The answer should be a faithful retyping of the records that follow, pictures excluded.

:: The records

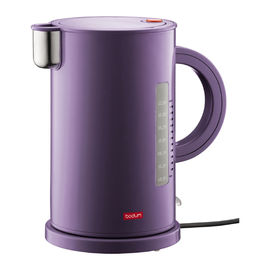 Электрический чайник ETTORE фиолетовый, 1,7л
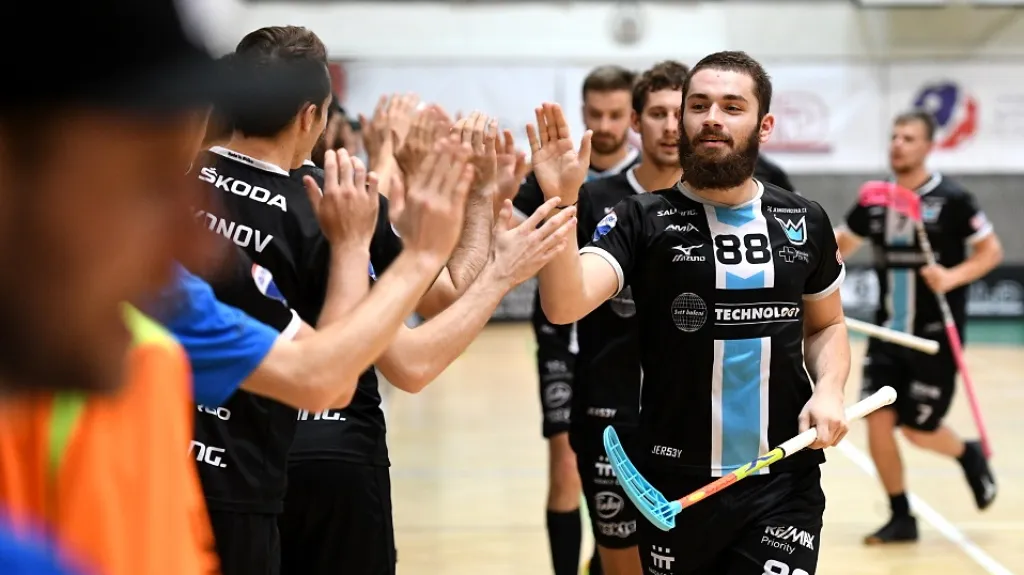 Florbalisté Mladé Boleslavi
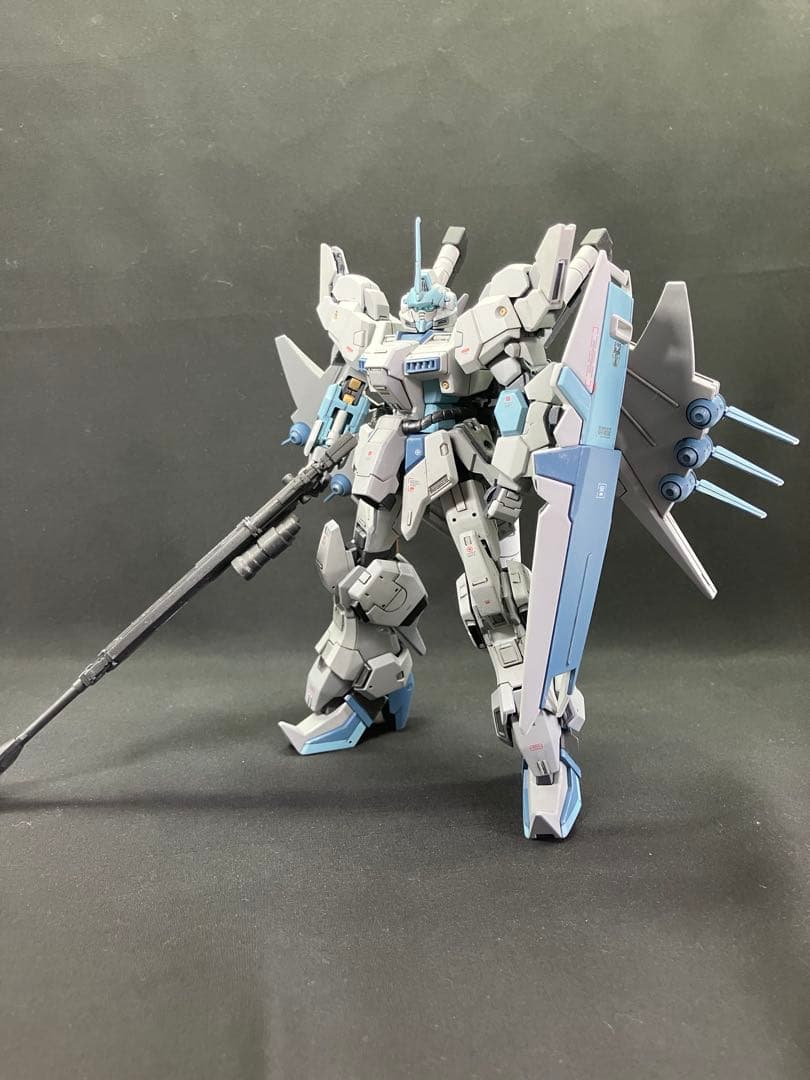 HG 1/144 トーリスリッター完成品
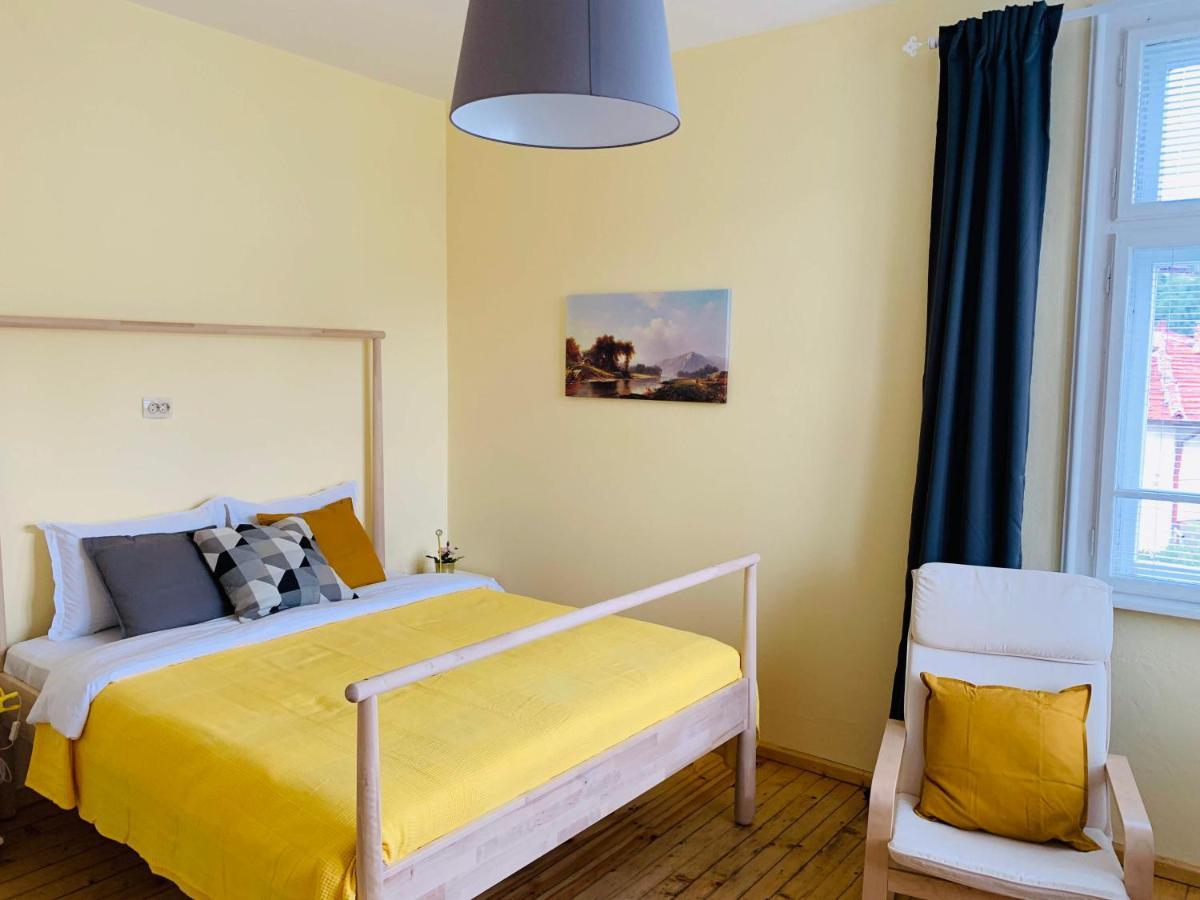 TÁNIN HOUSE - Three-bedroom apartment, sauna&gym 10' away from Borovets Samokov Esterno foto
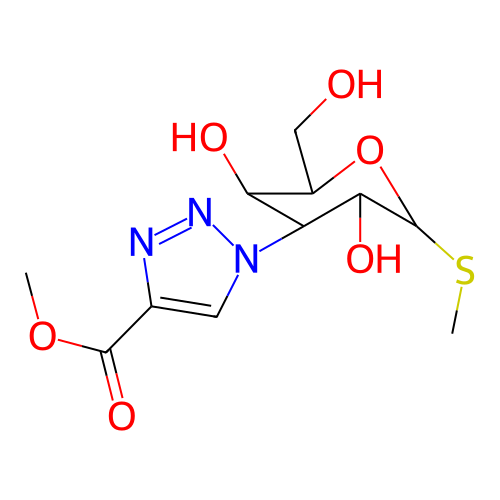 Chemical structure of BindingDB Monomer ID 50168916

::::

Answer to the problem:
 Электрический чайник ETTORE фиолетовый, 1,7л
 Florbalisté Mladé Boleslavi
 HG 1/144 トーリスリッター完成品
 TÁNIN HOUSE - Three-bedroom apartment, sauna&gym 10' away from Borovets Samokov Esterno foto
 Chemical structure of BindingDB Monomer ID 50168916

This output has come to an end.